Visualize Sensor Data and Tracks in Bird's-Eye Scope
The Bird's-Eye Scope visualizes signals from your Simulink® model that represent aspects of a driving scenario. Using the scope, you can analyze:
Sensor coverages of vision, radar, and lidar sensors
Sensor detections of actors and lane boundaries
Tracks of moving objects in the scenario
This example shows you how to display these signals on the scope and analyze the signals during simulation.
Open Model and Scope
Open a model containing signals for sensor detections and tracks. This model is used in the Sensor Fusion Using Synthetic Radar and Vision Data in Simulink example. Open the example model in MATLAB®.
Open the scope from the Simulink toolstrip. Under Review Results, click Bird's-Eye Scope.
When you first open the Bird's-Eye Scope, the scope canvas is blank and displays no signals. To find signals from the opened model that the scope can display, on the scope toolstrip, click Find Signals. The scope updates the block diagram and automatically finds the signals in the model.
The left pane lists all the signals that the scope found. These signals are grouped based on their sources within the model.
|Signal Group||Description||Signal Sources|
Road boundaries, lane markings and barriers in the scenario
You cannot modify this group or any of its signals.
To inspect large road networks, use the World Coordinates View window. See Vehicle and World Coordinate Views.
Actors in the scenario, including the ego vehicle
You cannot modify this group or any of its signals or subgroups.
To view actors that are located away from the ego vehicle, use the World Coordinates View window. See Vehicle and World Coordinate Views.
Coverage areas of vision, radar, and lidar sensors, sorted into Vision, Radar, Lidar, and Ultrasonic subgroups
You can modify signals in this group.
You can rename or delete subgroups but not the top-level Sensor Coverage group.
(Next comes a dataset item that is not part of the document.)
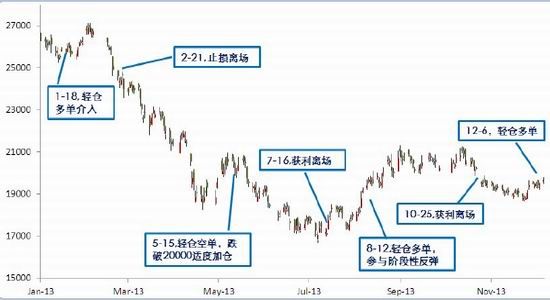 中证期货：供需宽松不改天胶下行难翻身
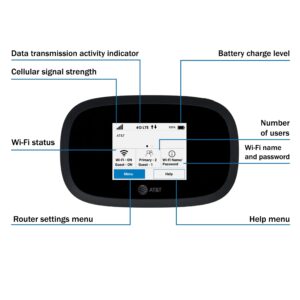 AT&T Wireless Hotspot WiFi Device 4G LTE MiFi 8000 | Global 4G Cat18 LTE | Up to 1 Gbps | EVDO-LINK Bundle for Mobile Hotspot Device | with SIM Card and Extra Battery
You can also add subgroups and move signals between subgroups. If you delete a subgroup, its signals move to the top-level Sensor Coverage group.
Detections obtained from vision, radar, and lidar sensors, sorted into Vision, Radar, Lidar, and Ultrasonic subgroups
You can modify signals in this group.
You can rename or delete subgroups but not the top-level Detections group. You can also add subgroups and move signals between subgroups. If you delete a subgroup, its signals move to the top-level Detections group.
Tracks of objects in the scenario
You can modify signals in this group.
You can rename or delete subgroups but not the top-level Tracks group. You can also add subgroups to this group and move signals into them. If you delete a subgroup, its signals move to the top-level Tracks group.
The Bird's-Eye Scope displays tracks in ego vehicle coordinates. Tracks in any other coordinate system will appear as offset in the scope.
|Other Applicable Signals|
Signals that the scope cannot automatically group, such as ones that combine information from multiple sensors
You can modify signals in this group but you cannot add subgroups.
Signals in this group do not display during simulation.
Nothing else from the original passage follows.